PROVIDED MATERIAL:

>>>>>

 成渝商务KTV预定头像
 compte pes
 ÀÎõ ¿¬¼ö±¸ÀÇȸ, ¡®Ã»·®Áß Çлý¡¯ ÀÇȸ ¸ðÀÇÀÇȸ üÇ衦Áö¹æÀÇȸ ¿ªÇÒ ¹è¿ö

<<<<<

WHAT YOU WILL DO:
Give the complete listing a second time, exactly as it reads.

RESULT BELOW:
 成渝商务KTV预定头像
 compte pes
 ÀÎõ ¿¬¼ö±¸ÀÇȸ, ¡®Ã»·®Áß Çлý¡¯ ÀÇȸ ¸ðÀÇÀÇȸ üÇ衦Áö¹æÀÇȸ ¿ªÇÒ ¹è¿ö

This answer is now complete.